Cette orientation vers un jeune public affadit Half a War, aux yeux du lecteur adulte. On pourrait facilement ironiser sur le titre des romans de la série, commencés tous par le mot "half", en disant qu'on n'y trouve qu'une moitié du talent d'Abercrombie. L'intrigue, en effet, peine à prendre aux tripes. Elle est linéaire, et son dénouement n'a rien de saisissant. La seule surprise, c'est que la victoire arrive si tôt, si aisément, sans grands rebondissements. Même les révélations finales sont prévisibles. Tout juste l'auteur a-t-il le bon goût de ne jamais révéler ouvertement que le monde où l'histoire se déroule est le nôtre, qu'il est un futur post-apocalyptique où les hommes sont revenus aux temps médiévaux. Il n'est jamais dit explicitement que la Shattered Sea est, en fait, la mer Baltique. L'auteur nous a laissé le soin de le deviner, au fil des livres.

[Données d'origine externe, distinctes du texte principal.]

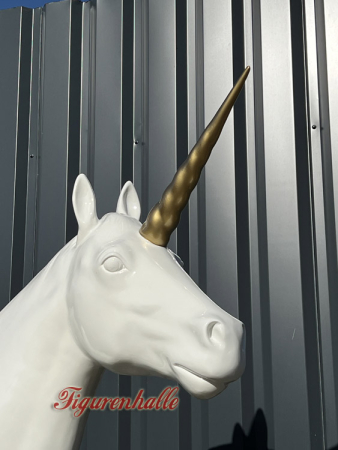 Einhorn mit gold Lackierung Farbelwesen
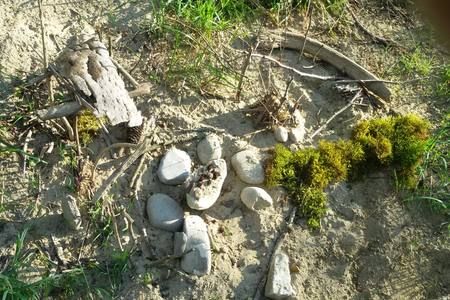 Kinderkunstwerke an der Leiblach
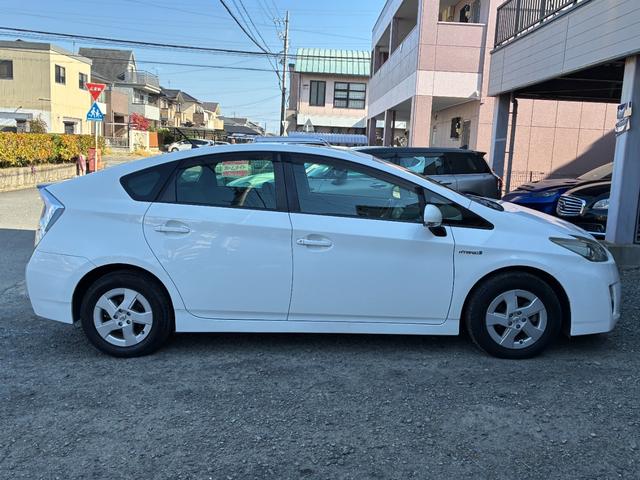 プリウス Ｇ　車検２年付　ナビ　バックモニター　フルセグＴＶ　クルーズコントロール　スマートキー　ビルトインＥＴＣ　Ｂｌｕｅｔｏｏｔｈオーディオ　オートヘッドライト　ウィンカーミラー　レベライザー　オートエアコン（15枚目）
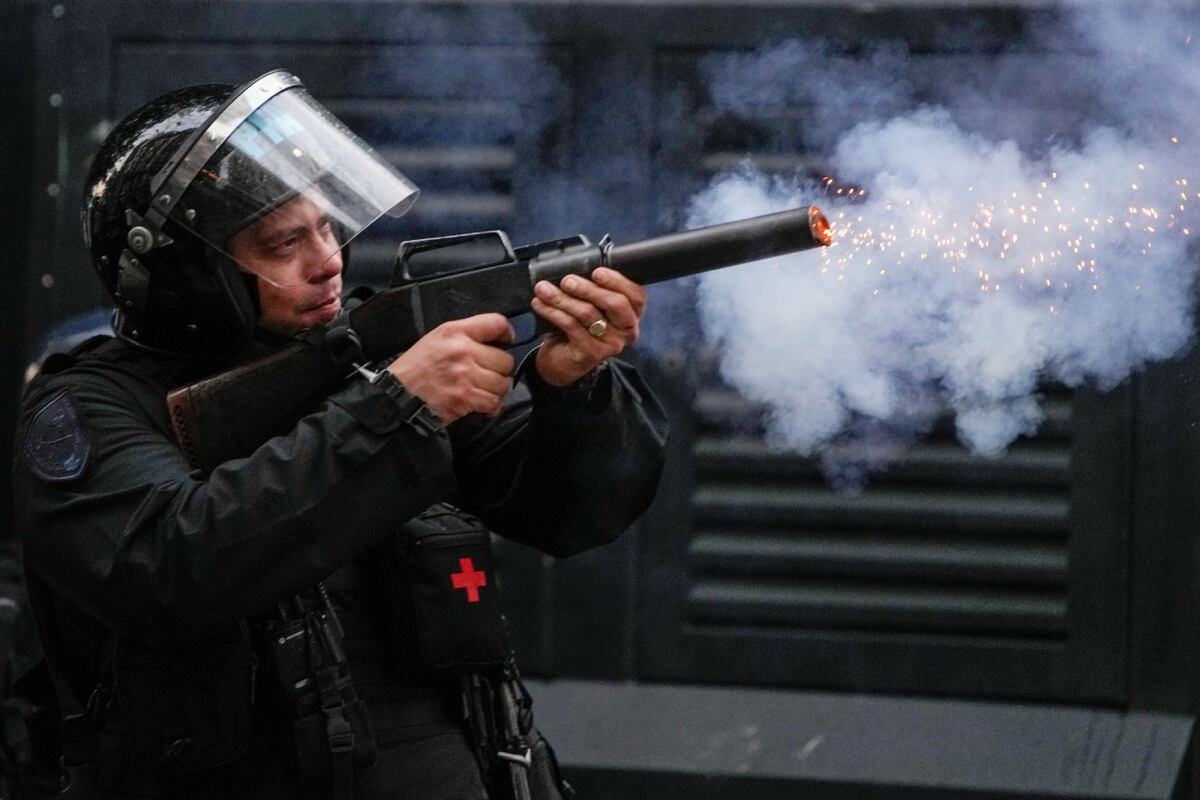Máxima tensión en el Congreso: gas pimienta y bombas molotov entre los agentes y los manifestantes. (AP / Natacha Pisarenko)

En choisissant cette fois de s'adresser aux adolescents, l'Anglais a perdu quelques unes de ses qualités. Mais il a aussi corrigé son seul défaut : celui d'être bien trop de son époque ; d'être trop averti et trop cynique pour croire aux idéaux, mais assez naïf pour s'enticher de thèmes conspirationnistes et pour mettre en scène une poignée d'élus capables de diriger le monde. Avec cette saga, on s'éloigne de cela, on retrouve de la mesure. Ses personnages, sont plus sympathiques, fragiles et abordables. Par exemple, s'il ressemble au mégalomane Bayaz, Yarvi est plus humain. Parfois, faisant mentir son air autosatisfait, il fend l'armure, il expose des états d'âmes. Il est, avant tout, un être tourmenté, quelqu'un qui a souffert, physiquement et moralement.
Suite de romans d'apprentissage pour leurs héros, comme pour leurs jeunes lecteurs, les livres de Shattered Sea en sont aussi pour Abercrombie, que l'on retrouve moins sale ici, moins truculent, mais plus avenant et plus sage.